Irisalva Moita (1924–2009) was a Portuguese archaeologist and museum conservator and curator.

==Early life==
Irisalva Constância de Nóbrega Nunes Moita was born on 21 May 1924, in Sá da Bandeira (now Lubango), Portuguese Angola. When she was 20 she moved to the Portuguese capital of Lisbon to pursue her studies. There she graduated in 1949 in Historical and Philosophical Sciences.
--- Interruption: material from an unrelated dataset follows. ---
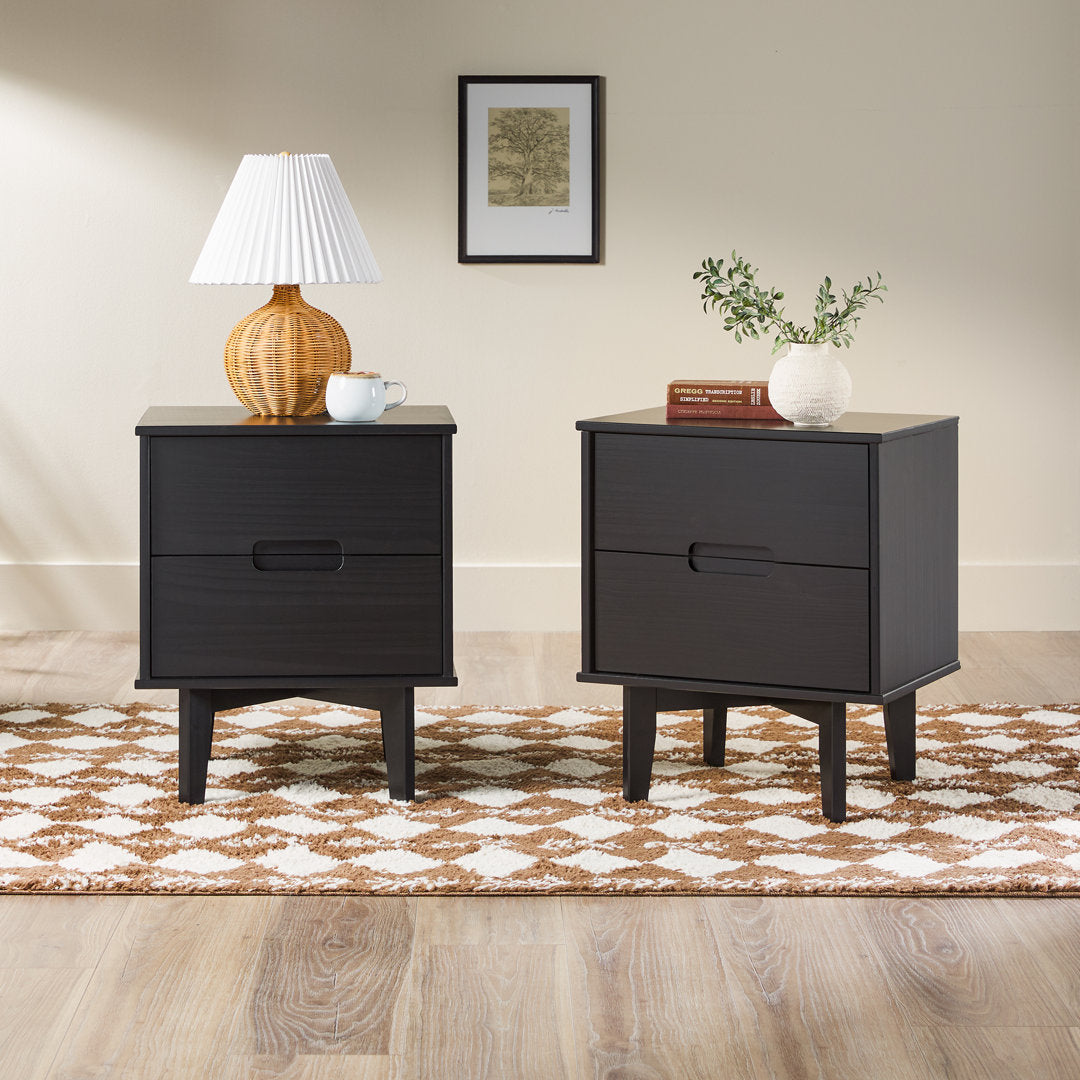 Aizlyn Mid-Century Modern Solid Wood Groove-Handle Nightstands (Set of 2) Wade Logan® Color: Black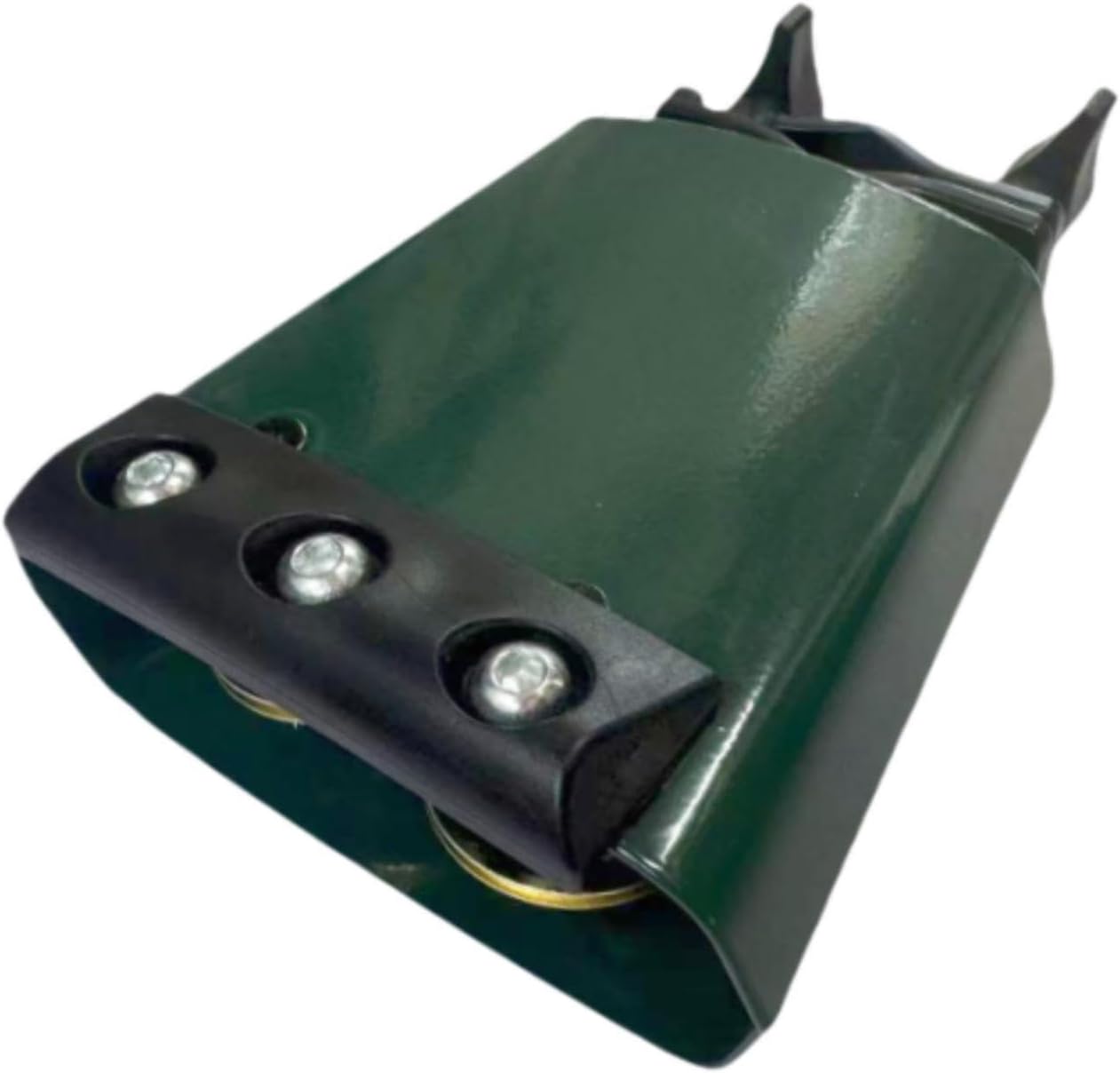 Cowbell for Drum Set with Mute Strip Metal Drum Kit Attachment Percussion Instrument 4 Inch Noise Maker for Sports Events Green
One of her first interests was in archaeology and from the early 1950s, she obtained a research scholarship from the archaeology section of the Instituto de Alta Cultura (High Culture Institute), a body set up by the Ministry of Education of the authoritarian Estado Novo regime to develop and improve artistic culture, scientific research and cultural relations with other countries, as well as to disseminate the Portuguese language and culture. The scholarship would last two decades, with Moita being involved in several archaeological investigations and excavations, beginning with a study of the Portuguese dolmen culture, such as the Dolmen of Cunha Baixa near Viseu and the Dolmen of Carapito I in the Guarda District, as well as other sites in the Alentejo region.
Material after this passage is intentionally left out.